Dataset records:
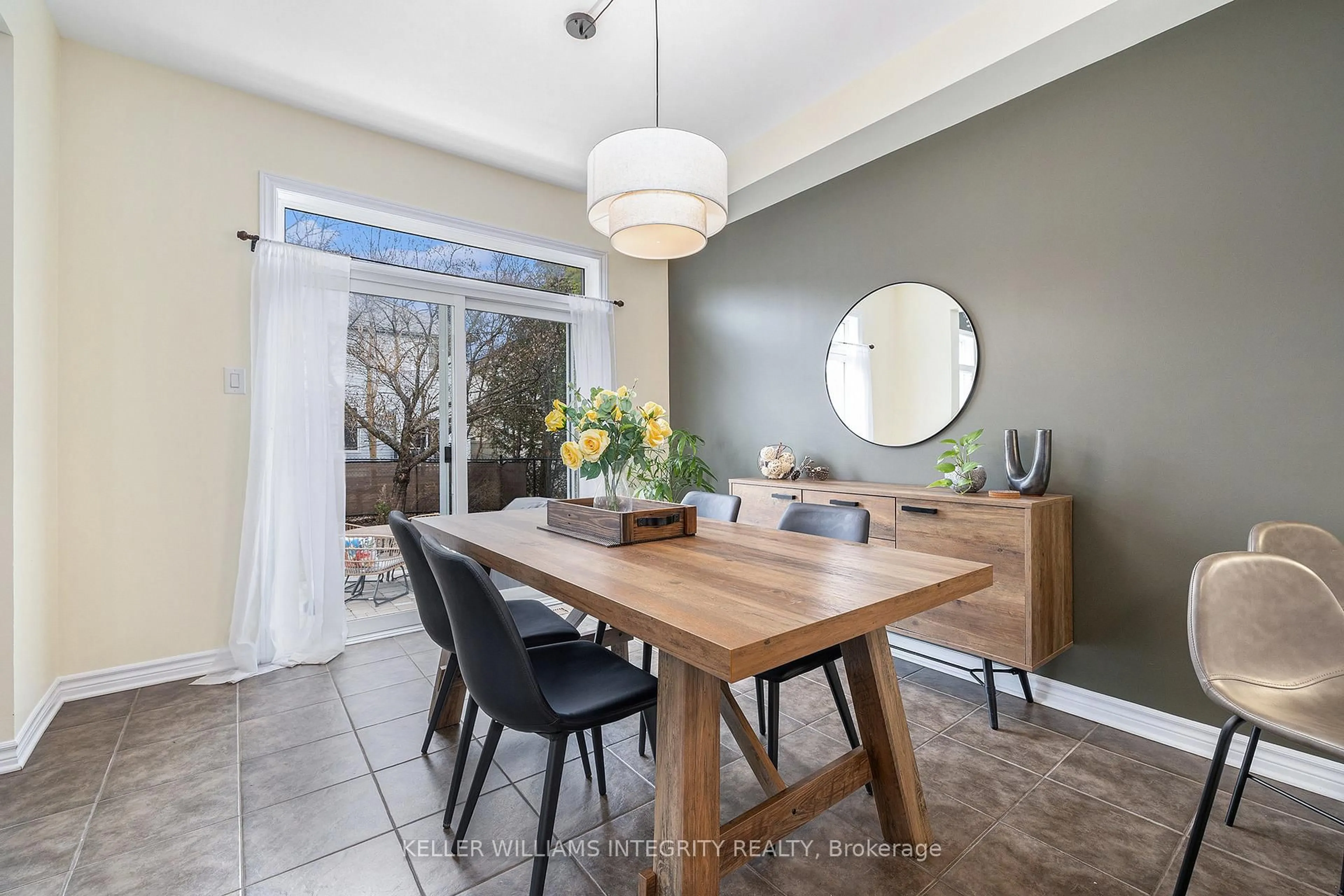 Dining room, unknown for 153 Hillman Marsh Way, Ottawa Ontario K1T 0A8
--
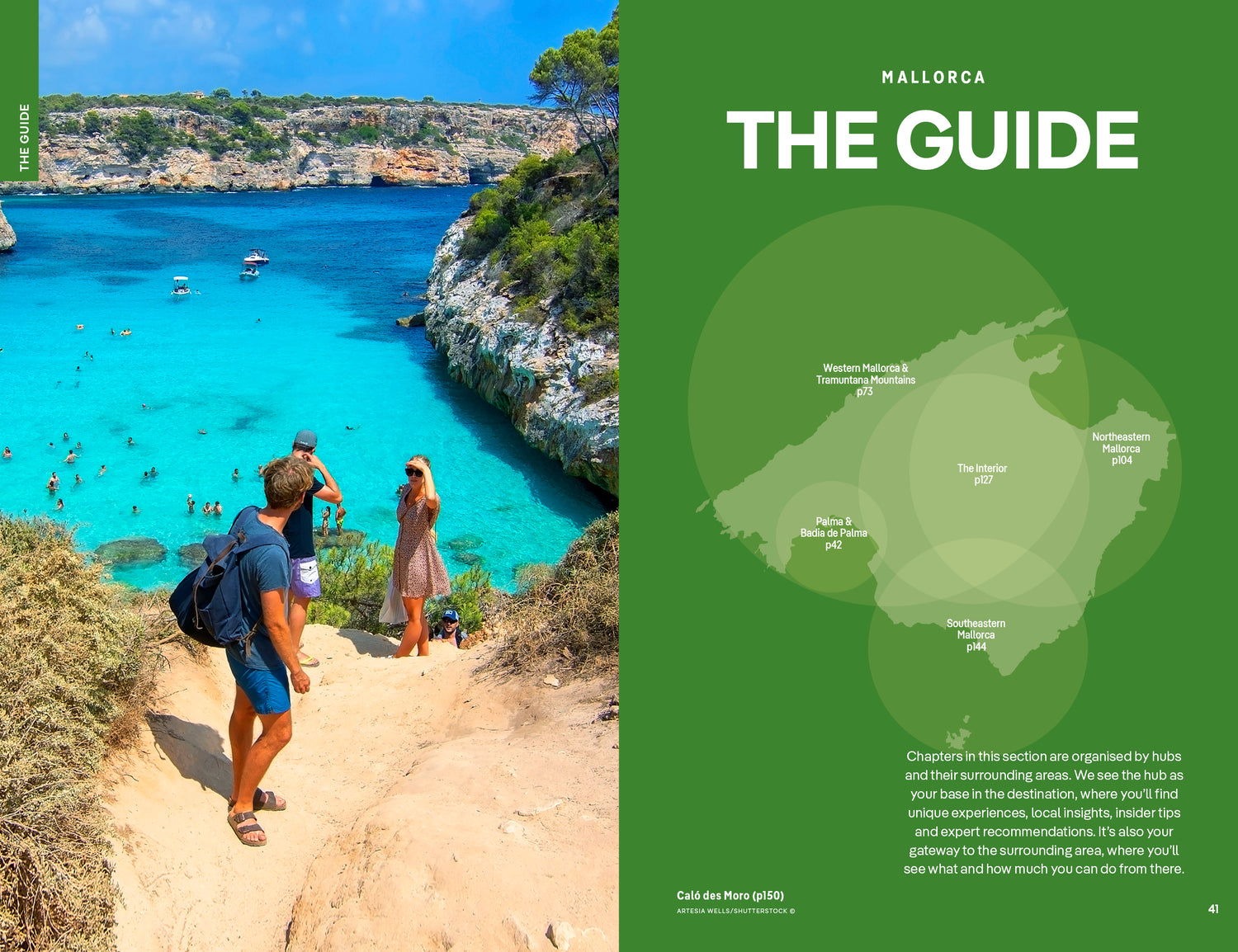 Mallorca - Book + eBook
---
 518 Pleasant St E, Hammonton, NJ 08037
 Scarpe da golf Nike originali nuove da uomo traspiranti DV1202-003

Problem statement:
Your task for the entries above: copy exactly the span starting with the line with "518 Pleasant St E, Hammonton, NJ 08037" and going on through the line with "Scarpe da golf", both lines included, and nothing else.

Response:
 518 Pleasant St E, Hammonton, NJ 08037
 Scarpe da golf Nike originali nuove da uomo traspiranti DV1202-003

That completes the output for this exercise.